Pero César se negó a aprobar tal cosa.

—Estoy de acuerdo en que el cobro de honorarios aumentaría los beneficios del Tesoro,
mater
, pero también privaría a los humildes de uno de sus mayores placeres. No. En conjunto, Roma no tiene problemas con sus
proletarii
. Si se mantienen llenas sus barrigas y se les proporcionan los juegos, ya están contentos. Si empezamos a cobrarles por los derechos que les otorga su ciudadanía, convertiremos al proletariado en un monstruo que nos devorará.

Como Craso había pronosticado, la elección de César como pontífice máximo acalló a los acreedores como por arte de magia. El cargo, además, le proporcionaba unos ingresos considerables por parte del Estado, cosa que se podía decir igualmente de los tres
flamines
principales, dialis, martialis y quirinalis.
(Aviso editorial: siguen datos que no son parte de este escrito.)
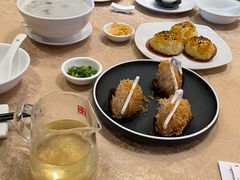 -广东胜利宾馆西关粤中餐厅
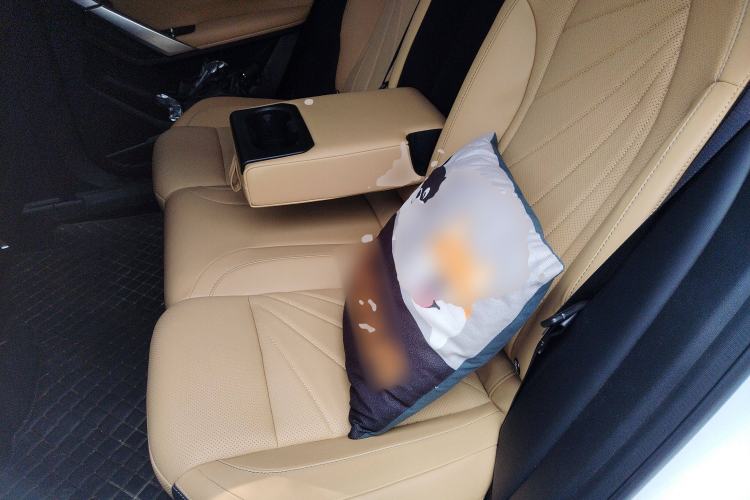 Used Geely Auto FX11 2023 1.5TD DCT Prestige Edition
Sus tres residencias estatales se alzaban en la vía Sacra frente a la
domus publica
, aunque desde luego no había ningún
flamen Dialis
, no lo había habido desde que Sila dejara que César se quitase el casco y la capa de sacerdote especial de Júpiter Óptimo Máximo; ése ha sido el trato, ningún nuevo
flamen Dialis
hasta después de la muerte de César. Sin duda su casa estatal se había dejado deteriorar y arruinar desde que perdiera a Merula como inquilino veinticinco años antes. Como ahora la casa estaba en su jurisdicción, César tendría que verla, decidir qué había que hacerse en ella y destinar los fondos para las reparaciones sacándoselos del salario no utilizado que César habría cobrado de haber vivido en ella y ejercido como
flamen
. Después de eso, se la alquilaría por una fortuna a algún caballero con aspiraciones que se muriera por tener su domicilio en el Foro Romano. Roma se vería compensada. Pero primero tendría que ocuparse de la Regia y de las oficinas del pontífice máximo.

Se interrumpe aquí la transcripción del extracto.